Note: I found rosewater with the cocktail mixers at my local grocery store. It might also be in with the extracts in the baking aisle. If not, you can find it online.

Second note: Before you invest in making this recipe, you should definitely read through this recipe, and know that 1) pistachios are pricey, especially if you buy them already shelled and 2) there is a lot of kind of annoying pistachio prep. You’ve been warned.

Ingredients

1 cup unsalted, shelled pistachios
2 cups plus 2 Tbl all purpose flour
3/4 tsp ground cardamom
1/4 tsp salt
2 cups powdered sugar, divided
1 cup (2 sticks) butter unsalted butter, room temperature
3/4 tsp rosewater

Instructions

Preheat your oven to 350 degrees. Line two baking sheets with parchment, or butter them.

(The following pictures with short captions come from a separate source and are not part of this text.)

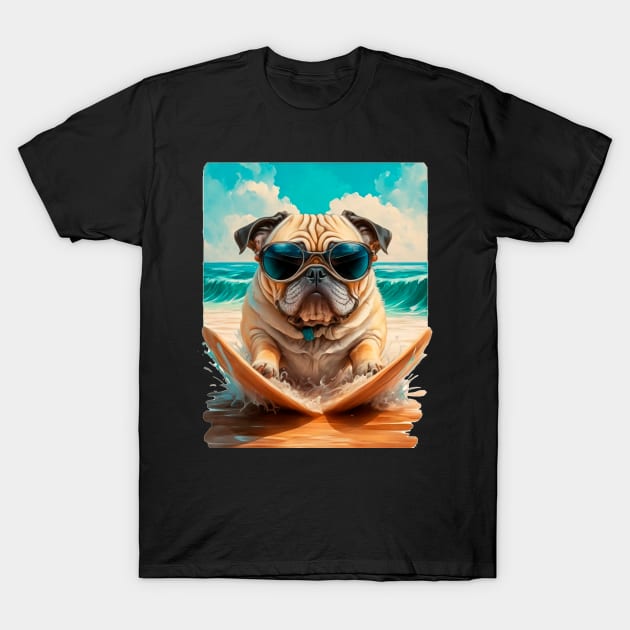 Pug on the beach Surf T-Shirt by Arassa Army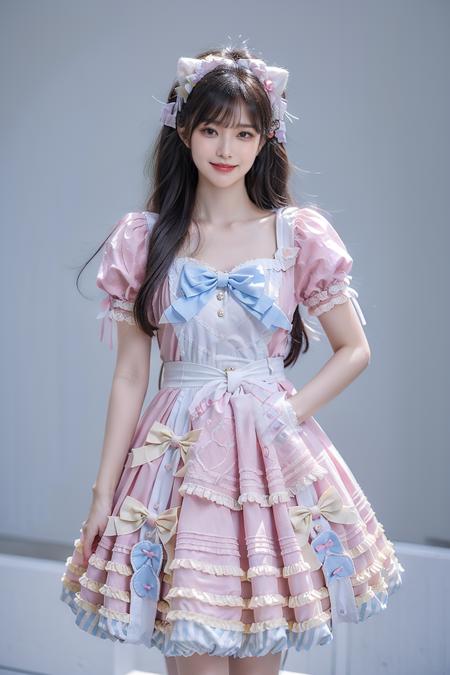 best quality, quality, masterpiece, photorealistic, 1girl, solo, standing, long black hair, straight hair, blunt bangs, looking at viewer, smile, cowboy shot, cyb dress, bow, apron, frills, puffy short sleeves, hair ornament,v,simple background, <lora:sweet_attire_style1_v1:0.65>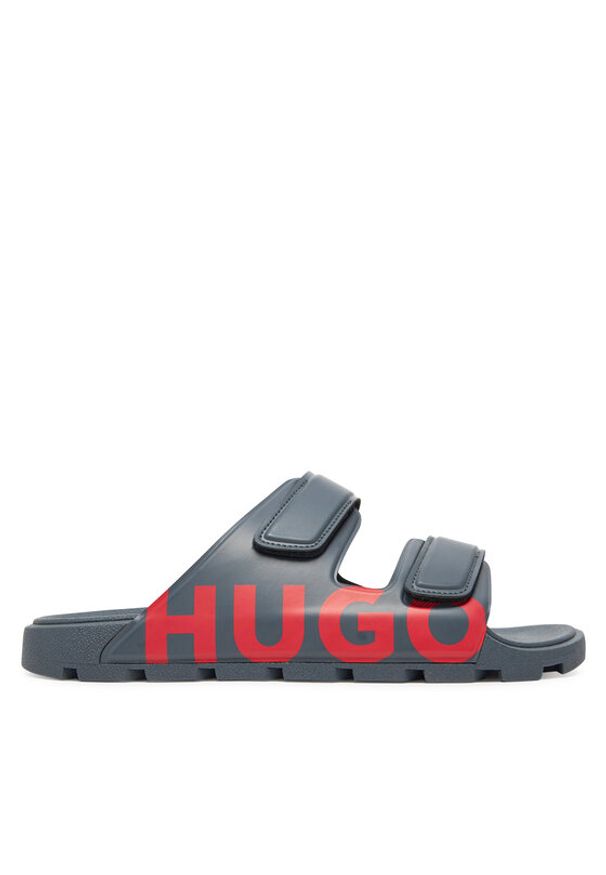 Hugo - HUGO Klapki Evander 50542042 Szary. Kolor: szary. Materiał: skóra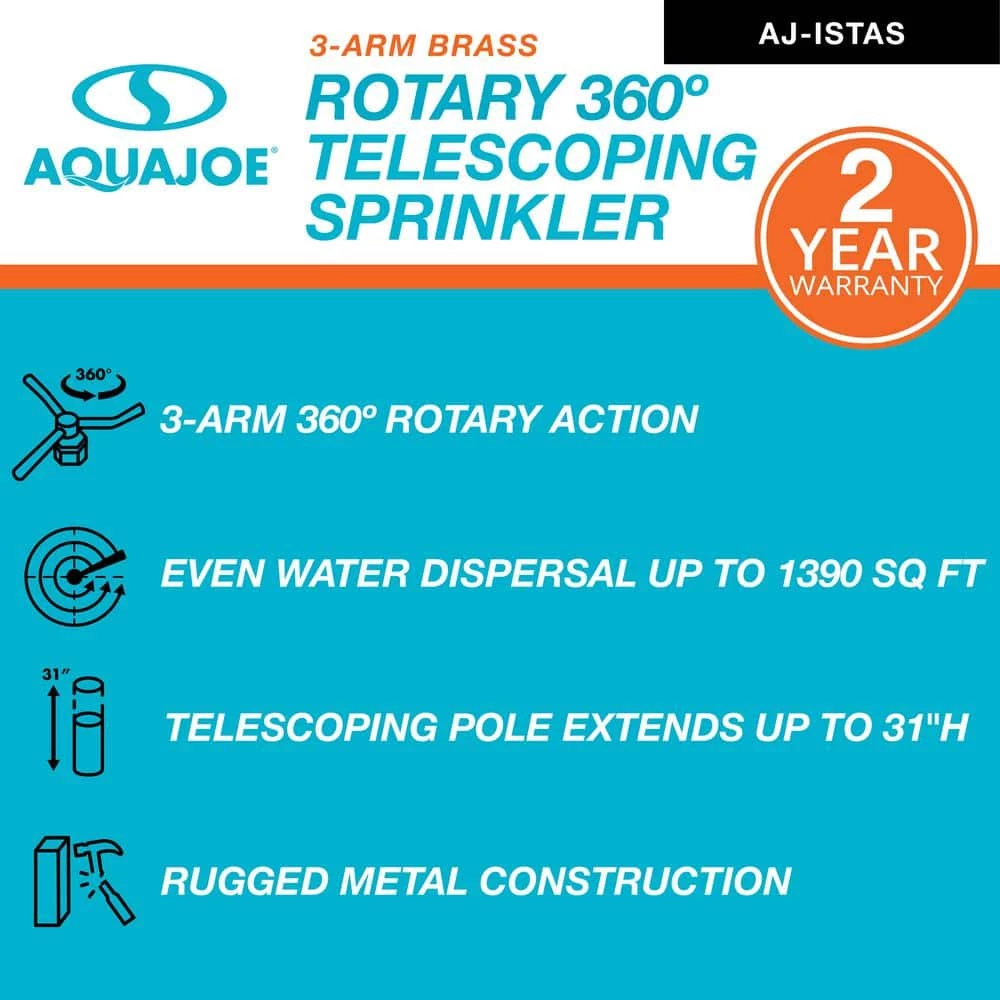 AQUA JOE 360-Degree 3-Arm Brass Rotary Telescoping Sprinkler 4 AQUA JOE 360-Degree 3-Arm Brass Rotary Telescoping Sprinkler - Image 2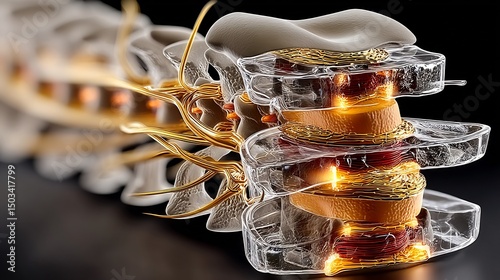 High definition cross section of intervertebral disc herniation visible nerve impingement depicting lumbar radiculopathy in athletes under axial load stress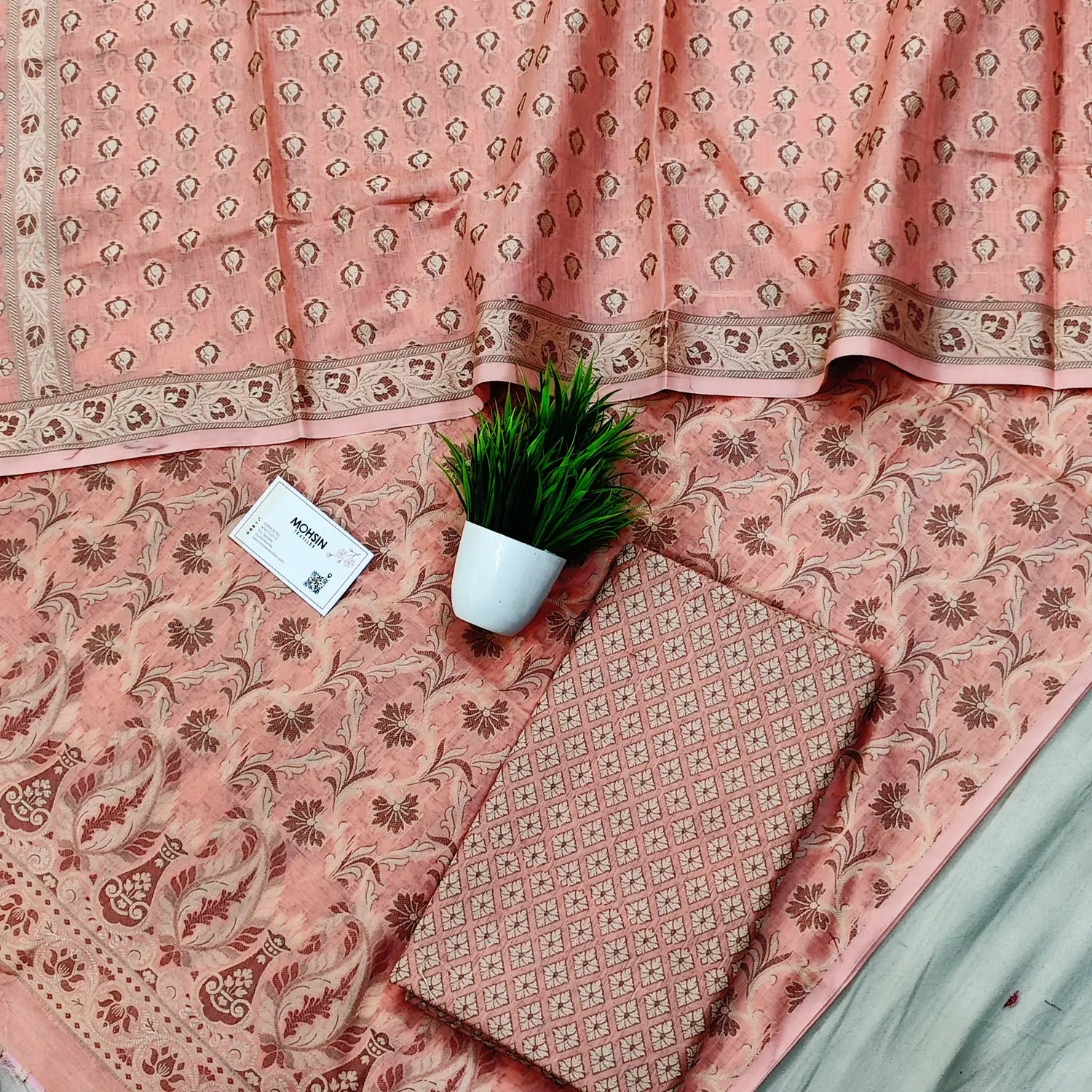 Light Peach Surahi Jaal Cotton Silk Banarasi Suit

Bring a medium pot of water to a boil, and blanch the pistachios for 1 minute. Drain them, and place them on a clean dish towel. Fold the dish towel over the pistachios and rub off the skins. (There may be some stubborn ones that you need to peel off.) Spread them in a small baking dish and roast them in the oven until they’re just dry, about 8 minutes. Set them aside and allow them to cool. When they are cool, pulse in a food processor or blender until they’re finely ground, but definitely not a paste. Transfer them to a small mixing bowl and whisk together with the flour, cardamom, and salt.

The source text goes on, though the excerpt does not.